▶ **Task to carry out**: Retype only what runs from the line with "Чехол (клип-кейс) Samsung" through the end of the entries, exactly and in full, but omit any picture you find.

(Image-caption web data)
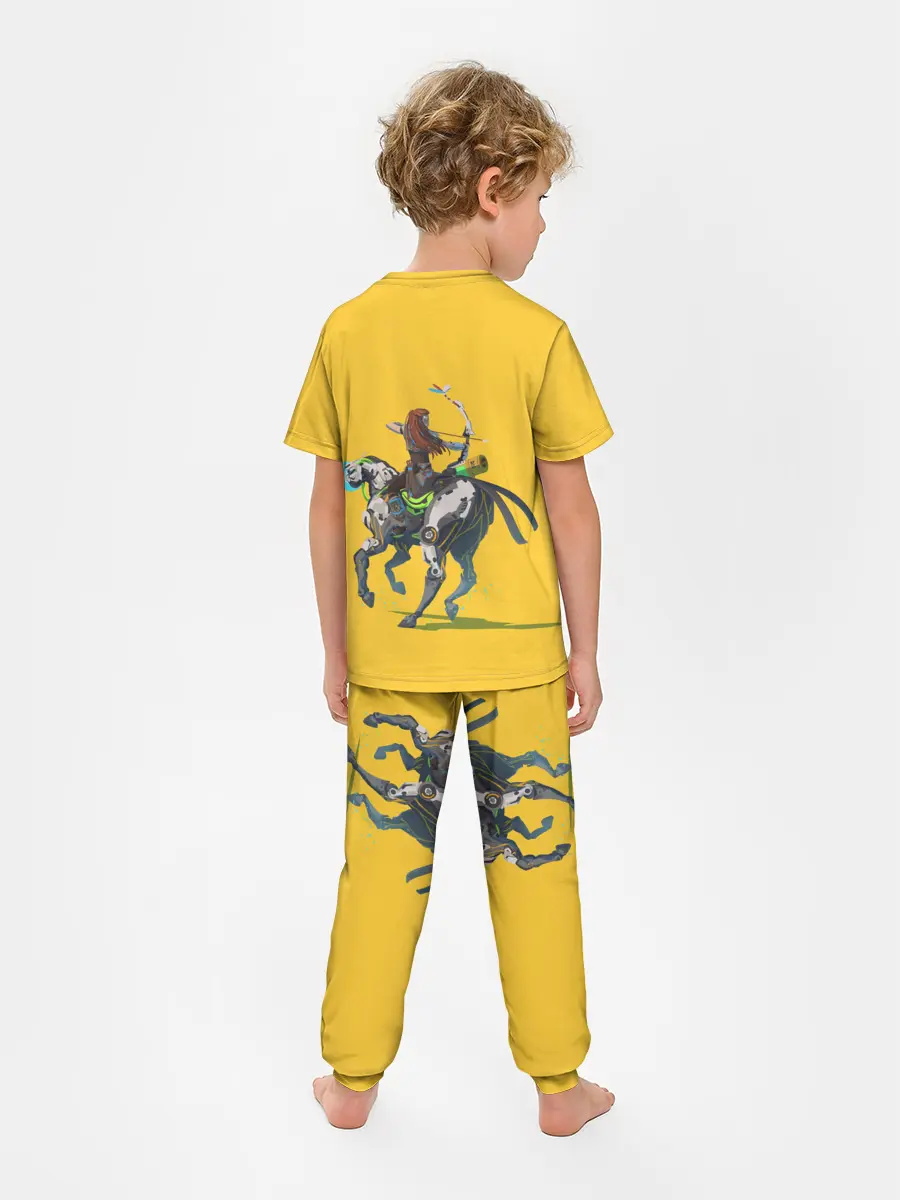 Детская пижама с брюками / Элой на охоте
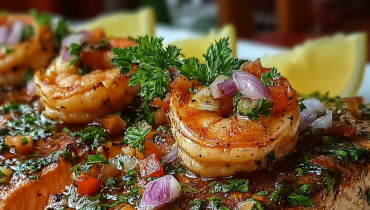 Beurre citronné Crevettes Cuisine saine Cuisson au four Idée recette Oméga-3 Saumon fumé 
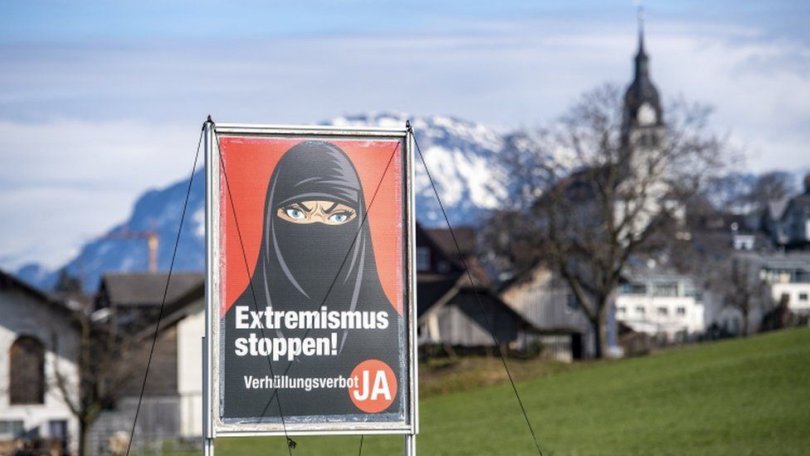 შვეიცარიის რეფერენდუმში ისლამური საბურველის აკრძალვის მომხრეებმა გაიმარჯვეს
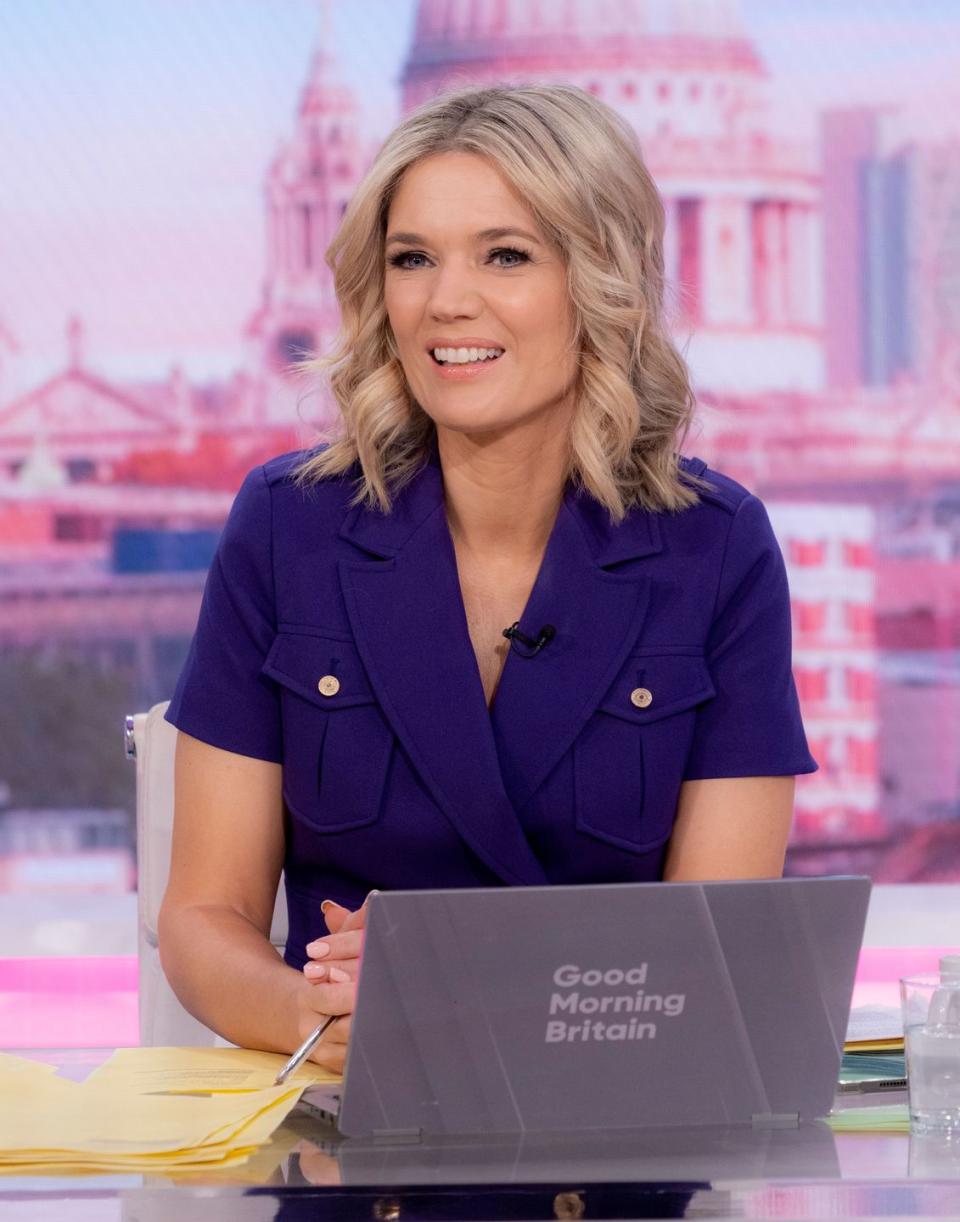 charlotte hawkins, good morning britain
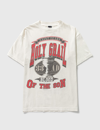 Saint Michael X Denim Tears 'saint Tears' Holy Grail T-shirt In White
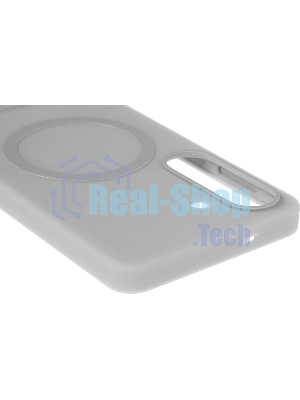 Чехол (клип-кейс) Samsung для Samsung Galaxy S26+ Silicone Magnet Case with MagSafe серый (EF-ES947CJEGRU)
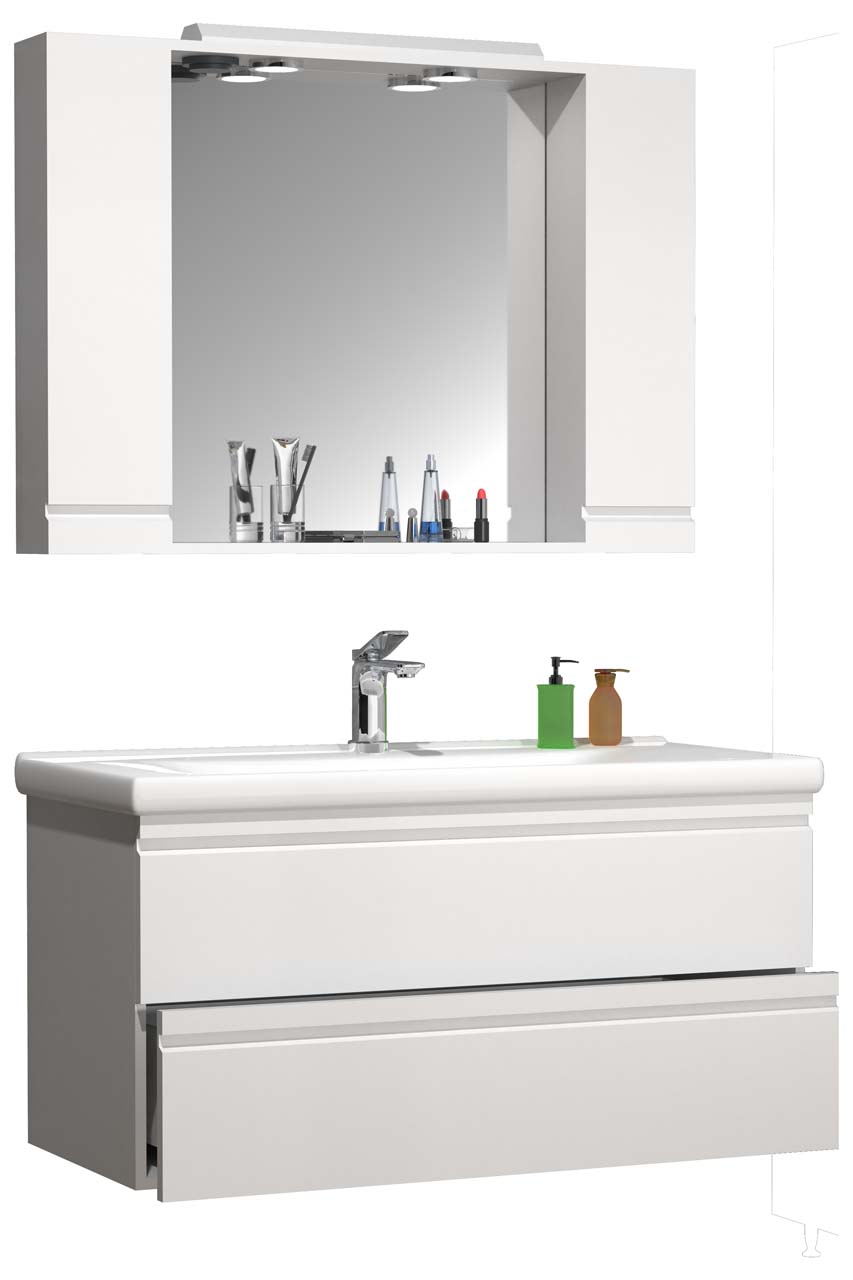 SiloraXL badmiljø hvid billede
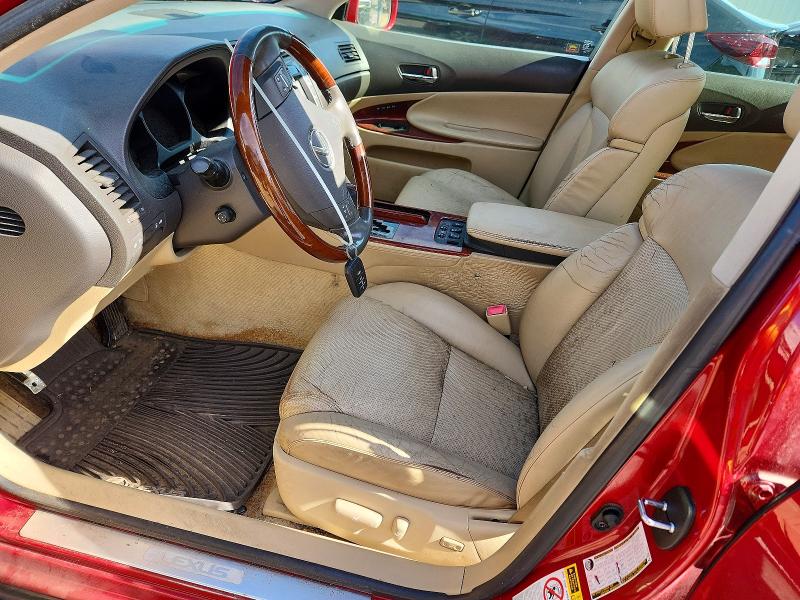 Aukcja sprzedaży 2007 Lexus Gs, vin: JTHBC96S175011937, numer aukcji: 57078006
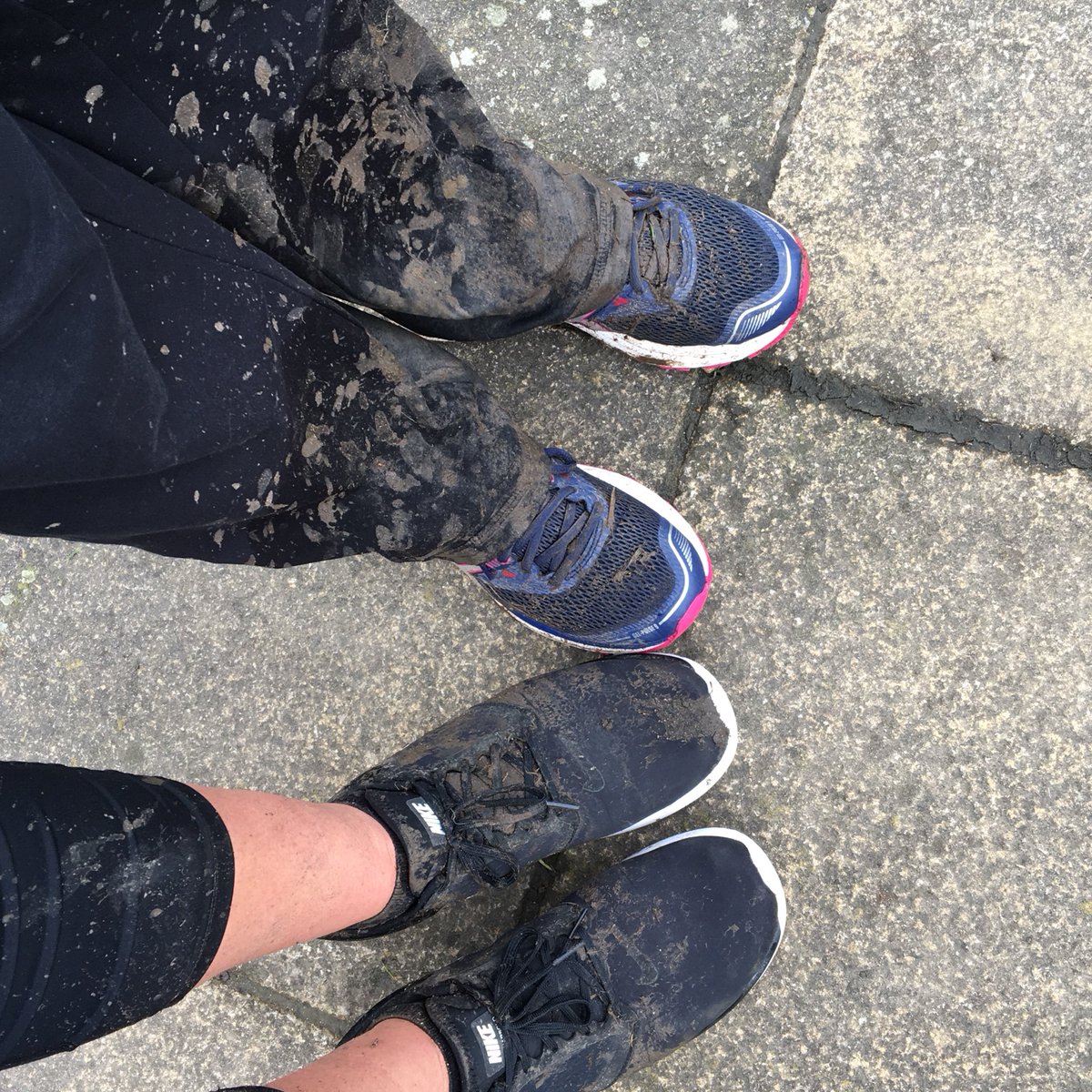 mr_mrs_miggins's tweet photo. Training well underway for @raceforlife with @romseyg in memory of dear family & friends lost to #cancer and those still fighting the disease. #RaceforLife #couchto5k #beatcancersooner https://t.co/AAEtwMgkKY https://t.co/J7DBeykoYb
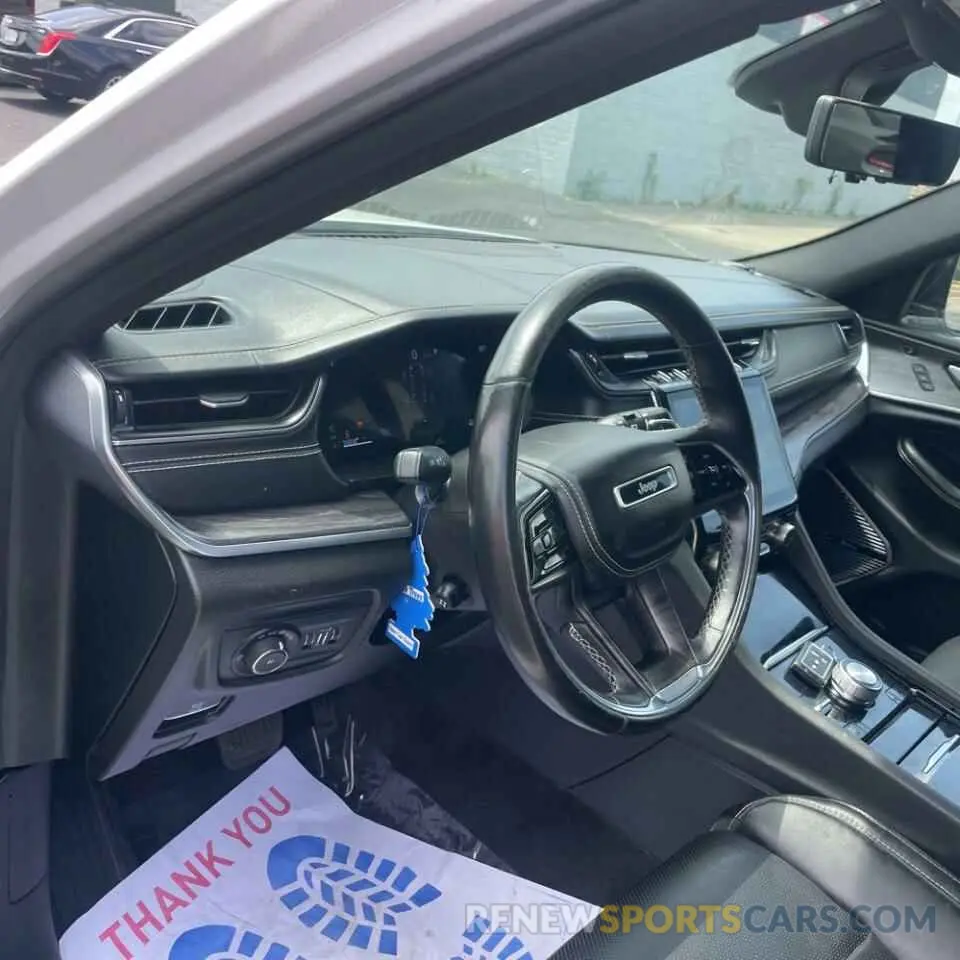 14 fotografías del automóvil dañado 1C4RJKDG1M8190583 JEEP GRAND CHER 2021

▶ **Result of the exercise**:
 Чехол (клип-кейс) Samsung для Samsung Galaxy S26+ Silicone Magnet Case with MagSafe серый (EF-ES947CJEGRU)
 SiloraXL badmiljø hvid billede
 Aukcja sprzedaży 2007 Lexus Gs, vin: JTHBC96S175011937, numer aukcji: 57078006
 mr_mrs_miggins's tweet photo. Training well underway for @raceforlife with @romseyg in memory of dear family & friends lost to #cancer and those still fighting the disease. #RaceforLife #couchto5k #beatcancersooner https://t.co/AAEtwMgkKY https://t.co/J7DBeykoYb
 14 fotografías del automóvil dañado 1C4RJKDG1M8190583 JEEP GRAND CHER 2021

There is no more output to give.